05/04/2026 07:04 AM
| Por Por: César Aristimuño

#Análisis La paradoja del crecimiento: presión cambiaria vs. optimismo macroeconómico

Una estrategia de crecimiento real necesita reformas ágiles que blinden jurídicamente la inversión, estimulen el consumo interno, mejoren los ingresos y otorguen un respiro operativo frente a los retos de servicios públicos e infraestructura.

#Análisis La paradoja del crecimiento: presión cambiaria vs. optimismo macroeconómico

La primera semana de abril de 2026 culmina en Venezuela con un panorama lleno de contrastes, donde la cautela financiera del día a día se cruza con proyecciones macroeconómicas inusualmente optimistas, en tiempos recientes.

En las calles, los comercios y las empresas, la atención está puesta en el comportamiento del mercado cambiario, que marcó un nuevo hito al ver cómo el dólar oficial del Banco Central de Venezuela supera la barrera de los 473 bolívares.

Este movimiento no es un evento aislado, sino el reflejo de una transición desde una rígida política de anclaje hacia una estrategia de ajuste paulatino y controlado.

Si bien esta medida busca oxigenar la economía y sincerar el mercado, también genera una presión inmediata en las dinámicas de fijación de precios, lo que mantiene en alerta tanto a los consumidores que cuidan su bolsillo, como a los empresarios que ajustan sus estructuras de costos.

En el frente legislativo y empresarial, el sector privado ha decidido tomar un rol protagónico para navegar estas aguas de transición.

A través de vocerías gremiales como Consecomercio y Fedecámaras, se ha intensificado el llamado a la Asamblea Nacional para establecer una verdadera y profunda armonización tributaria.

Los comerciantes y productores argumentan que, para capitalizar cualquier oportunidad de expansión, es vital aligerar la asfixiante carga fiscal, revisando y flexibilizando instrumentos como, por ejemplo, el Impuesto a los Grandes Patrimonios, la frecuencia del pago del IVA, entre otros.

Por otro lado, los sindicatos de distintos sectores y organizaciones de jubilados, reiteran la necesidad de avanzar hacia una recomposición de los salarios y las pensiones, que superen los umbrales de supervivencia y tracen el camino hacia ingresos dignos.

La exigencia es clara: se necesitan reformas ágiles que blinden jurídicamente la inversión, estimulen el consumo interno, mejoren los ingresos y otorguen un respiro operativo frente a los retos de servicios públicos e infraestructura que aún debe superar la nación.

A pesar de estas tensiones coyunturales, el horizonte a mediano plazo proyecta una narrativa que ha comenzado a captar la atención de organismos internacionales y analistas de la región.

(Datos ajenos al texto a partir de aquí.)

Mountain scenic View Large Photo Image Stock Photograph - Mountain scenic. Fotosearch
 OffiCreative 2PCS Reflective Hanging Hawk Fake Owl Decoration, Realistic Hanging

Entes multilaterales han perfilado recientemente a Venezuela como uno de los probables motores económicos de Suramérica para este año, al anticipar niveles de crecimiento que superan el promedio del continente.

Esta prometedora visión no surge del vacío, sino que se fundamenta en un repunte sostenido de la recaudación tributaria interna, la reactivación gradual pero constante de la industria petroquímica y un dinamismo renovado en las exportaciones de rubros no tradicionales, aunado a una mejora en la producción petrolera y a una profunda apertura junto con expectativas de fuerte inversión, en este sector.

De consolidarse estos factores, el país podría entrar en una fase de recuperación acelerada, siempre que se garantice un entorno de confianza.

El gran desafío que se dibuja para el corto y mediano plazo será sostener este delicado acto de malabarismo institucional. El Estado necesita mantener la estabilidad monetaria sin que sus políticas fiscales paralicen la iniciativa privada o impliquen un mayor deterioro del salario.

La resiliencia del tejido empresarial venezolano sigue siendo el motor silencioso detrás de estas cifras macroeconómicas, al demostrar una inmensa capacidad de adaptación frente a los constantes cambios del entorno.

Las decisiones que se materialicen en los próximos días en el ámbito económico definirán, en última instancia, si este prometedor empuje se traduce en un bienestar tangible para la sociedad o si quedará limitado a los gráficos de los economistas.

Ya lo dice, Thomas Sowell, economista, historiador de la economía y teórico social estadounidense: «En economía no hay soluciones, solo hay compensaciones».

* El autor es economista y analista financiero. CEO de Aristimuño Herrera & Asociados y Director General de Banca y Negocios.